--- Record excerpts ---
*** Block opens ***

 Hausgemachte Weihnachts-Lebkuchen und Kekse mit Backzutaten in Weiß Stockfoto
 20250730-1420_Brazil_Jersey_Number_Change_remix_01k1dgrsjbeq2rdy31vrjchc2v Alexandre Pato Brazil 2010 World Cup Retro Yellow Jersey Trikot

*** Block closes ***
*** Block opens ***

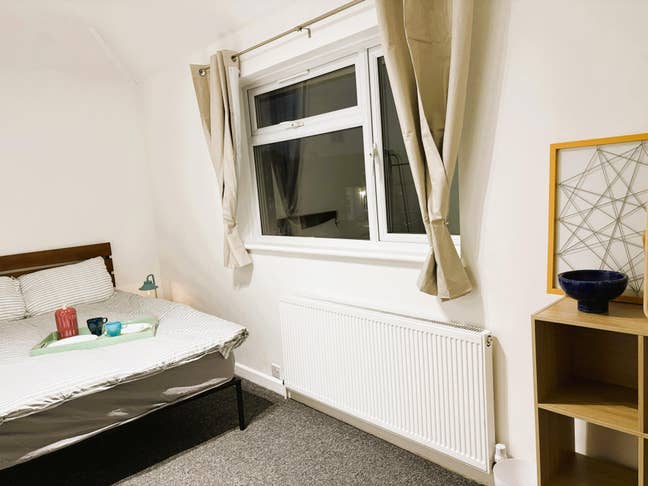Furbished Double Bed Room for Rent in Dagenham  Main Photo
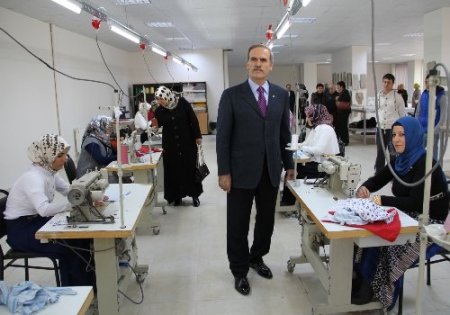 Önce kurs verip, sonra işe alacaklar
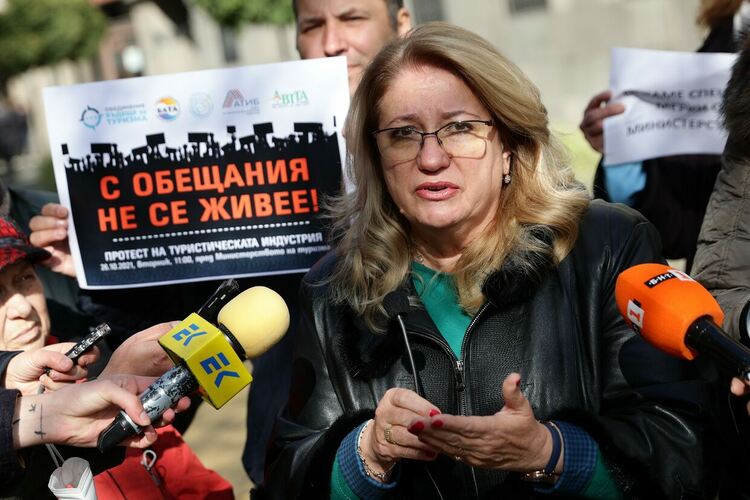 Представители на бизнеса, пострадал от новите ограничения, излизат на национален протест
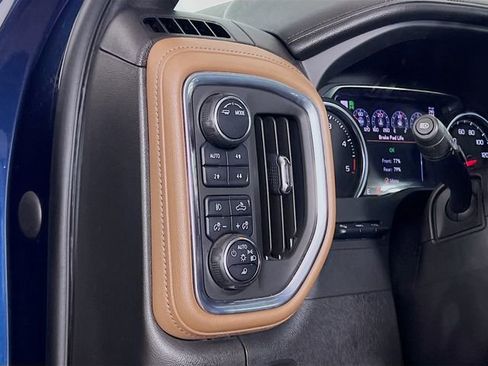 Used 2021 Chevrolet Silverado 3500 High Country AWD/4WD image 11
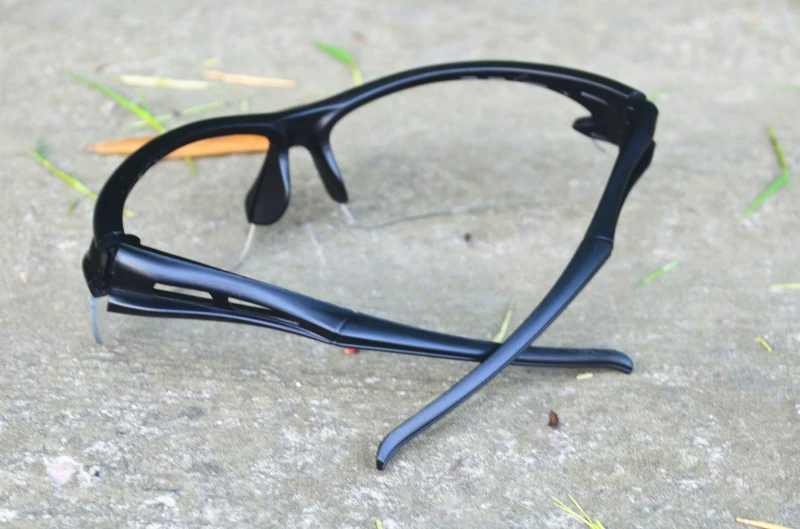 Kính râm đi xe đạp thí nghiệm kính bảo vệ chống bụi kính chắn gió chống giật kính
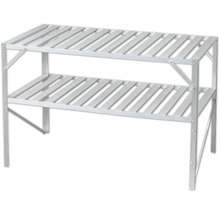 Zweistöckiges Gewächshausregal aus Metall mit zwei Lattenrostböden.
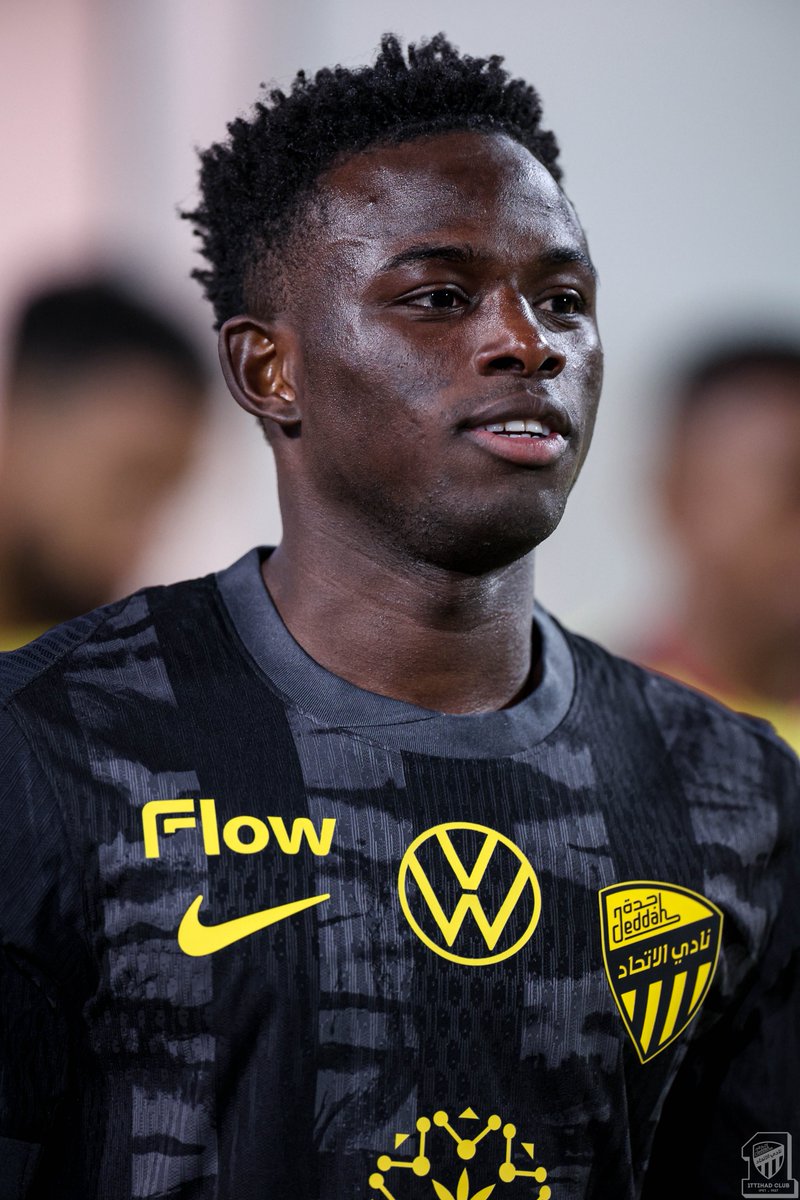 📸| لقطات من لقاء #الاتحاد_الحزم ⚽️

*** Block closes ***

--- How to complete this task ---
Given the entries above, transcribe exactly the lines from the one holding "Kính râm đi" through the one holding "لقاء #الاتحاد_الحزم ⚽️"; pictures do not belong in the transcription.

--- Reply to the task ---
 Kính râm đi xe đạp thí nghiệm kính bảo vệ chống bụi kính chắn gió chống giật kính
 Zweistöckiges Gewächshausregal aus Metall mit zwei Lattenrostböden.
 📸| لقطات من لقاء #الاتحاد_الحزم ⚽️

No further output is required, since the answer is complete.